There probably is a difference of outlook and values within this large group.

Many of the earlier, older boomers experienced childhood and parenting by those who went thru the great depression and deprivations of that and WW2.

Due to that, they doted on their children, some might say spoiled them, giving them the comforts that they themselves had been deprived of during the depression and wartime shortages.

The result was a bunch of self-absorbed boomers...narcissists and those whose parents shielded them from life's vagaries and responsibility for their actions.

Bill Clinton embodies the narcissism and G.W. Bush embodies the shielding from accountability.

I think the younger boomers exhibit less of those undesirable traits.

Finally, Generation Jones Acknowledged
Many of us born in the late 50's and early 60's have always know we are not boomers.
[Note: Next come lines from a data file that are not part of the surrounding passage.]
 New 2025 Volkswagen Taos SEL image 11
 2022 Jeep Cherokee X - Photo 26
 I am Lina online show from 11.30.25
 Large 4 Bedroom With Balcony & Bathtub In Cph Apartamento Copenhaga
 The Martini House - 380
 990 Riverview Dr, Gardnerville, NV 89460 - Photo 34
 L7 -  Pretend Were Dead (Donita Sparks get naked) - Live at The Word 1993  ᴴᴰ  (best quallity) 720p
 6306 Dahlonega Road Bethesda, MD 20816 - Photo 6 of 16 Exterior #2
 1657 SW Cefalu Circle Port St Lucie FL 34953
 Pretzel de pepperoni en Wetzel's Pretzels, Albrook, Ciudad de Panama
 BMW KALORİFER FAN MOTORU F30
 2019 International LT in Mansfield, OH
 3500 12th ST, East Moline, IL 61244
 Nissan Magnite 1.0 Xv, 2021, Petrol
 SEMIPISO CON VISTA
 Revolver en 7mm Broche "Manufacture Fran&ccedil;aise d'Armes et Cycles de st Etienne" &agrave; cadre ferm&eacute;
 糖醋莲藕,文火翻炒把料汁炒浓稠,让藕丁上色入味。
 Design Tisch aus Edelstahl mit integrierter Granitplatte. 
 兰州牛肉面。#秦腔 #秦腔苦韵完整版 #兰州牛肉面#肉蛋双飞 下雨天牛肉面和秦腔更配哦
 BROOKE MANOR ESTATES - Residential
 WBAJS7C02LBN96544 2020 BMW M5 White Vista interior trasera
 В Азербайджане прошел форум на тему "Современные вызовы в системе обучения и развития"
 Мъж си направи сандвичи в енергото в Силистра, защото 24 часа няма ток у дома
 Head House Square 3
It is refreshing to see that demographers are finally waking up to that fact. Obama may be a part of Generation Jones, but I don't think he reflects the generation. Maybe my own experience has biased my opinion, but my experience leads me to believe Generation Jones is more conservative than Obama. I am not saying Generation Jones as a whole is Republican, but we saw the excesses of the boomers and moderated our behavior maybe not as teenages but certainly as adults. We were in elementary school when Martin Luther King was assasinated. We had the "not judging by the color of skin but by the content of character" color-blind philosophy drilled into our brains. This is why the PC phenomenon of "race and ethnicity is identity" has thrown us for a loop. Obama's race speech tried to bridge that gap, but sadly showed that Obama has been brainwashed by Wright's 60's mindset. As others have noted, Obama appears to be a man without an identity. He claimed to transcend race. That has proven false. He claimed not to be a boomer. Maybe by age he isn't, but his liberal mindset makes that claim questionable. I am not sure to which generation Obama belongs. Sadly, I don't think he knows either.